Hash Suite for Android: free password hash cracker in your pocket
[<prev] [next>] [<thread-prev] [thread-next>] [day] [month] [year] [list]
Message-ID: <20190920030215.GA20250@codeaurora.org>
Date:   Fri, 20 Sep 2019 08:32:15 +0530
From:   Pavan Kondeti <pkondeti@...eaurora.org>
To:     Quentin Perret <qperret@...rret.net>
Cc:     peterz@...radead.org, mingo@...hat.com, vincent.guittot@...aro.org,
        dietmar.eggemann@....com, juri.lelli@...hat.com, rjw@...ysocki.net,
        morten.rasmussen@....com, valentin.schneider@....com,
        qais.yousef@....com, tkjos@...gle.com, linux-kernel@...r.kernel.org
Subject: Re: [PATCH] sched/fair: Speed-up energy-aware wake-ups

Hi Quentin,

On Thu, Sep 12, 2019 at 11:44:04AM +0200, Quentin Perret wrote:
> From: Quentin Perret <quentin.perret@....com>
> 
> EAS computes the energy impact of migrating a waking task when deciding
> on which CPU it should run.
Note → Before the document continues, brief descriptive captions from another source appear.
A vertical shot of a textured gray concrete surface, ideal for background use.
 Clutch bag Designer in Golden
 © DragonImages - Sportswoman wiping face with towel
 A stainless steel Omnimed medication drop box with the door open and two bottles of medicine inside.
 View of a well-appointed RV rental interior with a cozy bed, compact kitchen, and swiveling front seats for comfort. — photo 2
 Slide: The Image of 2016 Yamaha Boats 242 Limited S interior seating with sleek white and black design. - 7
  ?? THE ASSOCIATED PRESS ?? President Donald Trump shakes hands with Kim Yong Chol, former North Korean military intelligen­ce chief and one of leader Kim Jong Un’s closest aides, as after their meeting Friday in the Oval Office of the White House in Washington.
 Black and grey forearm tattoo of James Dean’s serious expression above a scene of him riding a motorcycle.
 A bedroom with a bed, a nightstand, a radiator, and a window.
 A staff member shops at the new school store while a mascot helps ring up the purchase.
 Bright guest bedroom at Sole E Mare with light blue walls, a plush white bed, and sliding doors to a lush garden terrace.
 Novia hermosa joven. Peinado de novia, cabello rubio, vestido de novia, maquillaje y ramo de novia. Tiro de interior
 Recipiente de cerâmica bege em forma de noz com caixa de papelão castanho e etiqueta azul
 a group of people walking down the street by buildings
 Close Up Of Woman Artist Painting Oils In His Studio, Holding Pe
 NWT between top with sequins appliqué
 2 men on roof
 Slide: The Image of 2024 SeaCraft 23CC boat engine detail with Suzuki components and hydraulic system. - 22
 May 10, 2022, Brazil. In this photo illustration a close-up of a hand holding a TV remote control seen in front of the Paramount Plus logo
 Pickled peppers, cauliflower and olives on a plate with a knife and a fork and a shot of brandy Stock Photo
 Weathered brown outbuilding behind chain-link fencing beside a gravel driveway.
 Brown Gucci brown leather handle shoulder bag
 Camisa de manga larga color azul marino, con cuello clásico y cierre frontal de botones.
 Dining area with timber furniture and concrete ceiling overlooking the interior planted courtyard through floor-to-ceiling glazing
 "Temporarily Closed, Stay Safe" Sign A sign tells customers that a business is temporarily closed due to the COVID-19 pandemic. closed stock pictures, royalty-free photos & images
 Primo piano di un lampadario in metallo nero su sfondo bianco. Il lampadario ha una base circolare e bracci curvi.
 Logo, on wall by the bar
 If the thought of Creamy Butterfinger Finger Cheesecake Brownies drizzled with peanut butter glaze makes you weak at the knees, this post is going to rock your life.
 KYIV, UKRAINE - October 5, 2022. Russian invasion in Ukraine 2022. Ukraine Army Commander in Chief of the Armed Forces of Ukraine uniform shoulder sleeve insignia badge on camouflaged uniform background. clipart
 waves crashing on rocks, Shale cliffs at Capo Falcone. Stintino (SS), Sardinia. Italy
However, the current approach is known to
> have a high algorithmic complexity, which can result in prohibitively
> high wake-up latencies on systems with complex energy models, such as
> systems with per-CPU DVFS. On such systems, the algorithm complexity is
> in O(n^2) (ignoring the cost of searching for performance states in the
> EM) with 'n' the number of CPUs.
> 
> To address this, re-factor the EAS wake-up path to compute the energy
> 'delta' (with and without the task) on a per-performance domain basis,
> rather than system-wide, which brings the complexity down to O(n).
> 
> No functional changes intended.
> 
> Signed-off-by: Quentin Perret <quentin.perret@....com>
>  

[snip]

>  /*
> @@ -6381,21 +6367,19 @@ compute_energy(struct task_struct *p, int dst_cpu, struct perf_domain *pd)
>   * other use-cases too. So, until someone finds a better way to solve this,
>   * let's keep things simple by re-using the existing slow path.
>   */
> -
>  static int find_energy_efficient_cpu(struct task_struct *p, int prev_cpu)
>  {
> -	unsigned long prev_energy = ULONG_MAX, best_energy = ULONG_MAX;
> +	unsigned long prev_delta = ULONG_MAX, best_delta = ULONG_MAX;
>  	struct root_domain *rd = cpu_rq(smp_processor_id())->rd;
> +	unsigned long cpu_cap, util, base_energy = 0;
>  	int cpu, best_energy_cpu = prev_cpu;
> -	struct perf_domain *head, *pd;
> -	unsigned long cpu_cap, util;
>  	struct sched_domain *sd;
> +	struct perf_domain *pd;
>  
>  	rcu_read_lock();
>  	pd = rcu_dereference(rd->pd);
>  	if (!pd || READ_ONCE(rd->overutilized))
>  		goto fail;
> -	head = pd;
>  
>  	/*
>  	 * Energy-aware wake-up happens on the lowest sched_domain starting
> @@ -6412,9 +6396,14 @@ static int find_energy_efficient_cpu(struct task_struct *p, int prev_cpu)
>  		goto unlock;
>  
>  	for (; pd; pd = pd->next) {
> -		unsigned long cur_energy, spare_cap, max_spare_cap = 0;
> +		unsigned long cur_delta, spare_cap, max_spare_cap = 0;
> +		unsigned long base_energy_pd;
>  		int max_spare_cap_cpu = -1;
>  
> +		/* Compute the 'base' energy of the pd, without @p */
> +		base_energy_pd = compute_energy(p, -1, pd);
> +		base_energy += base_energy_pd;
> +
>  		for_each_cpu_and(cpu, perf_domain_span(pd), sched_domain_span(sd)) {
>  			if (!cpumask_test_cpu(cpu, p->cpus_ptr))
>  				continue;
> @@ -6427,9 +6416,9 @@ static int find_energy_efficient_cpu(struct task_struct *p, int prev_cpu)
>  
>  			/* Always use prev_cpu as a candidate. */
>  			if (cpu == prev_cpu) {
> -				prev_energy = compute_energy(p, prev_cpu, head);
> -				best_energy = min(best_energy, prev_energy);
> -				continue;
> +				prev_delta = compute_energy(p, prev_cpu, pd);
> +				prev_delta -= base_energy_pd;
> +				best_delta = min(best_delta, prev_delta);
>  			}

Earlier, we are not checking the spare capacity for the prev_cpu. Now that the
continue statement is removed, prev_cpu could also be the max_spare_cap_cpu.
Actually that makes sense. Because there is no reason why we want to select
another CPU which has less spare capacity than previous CPU.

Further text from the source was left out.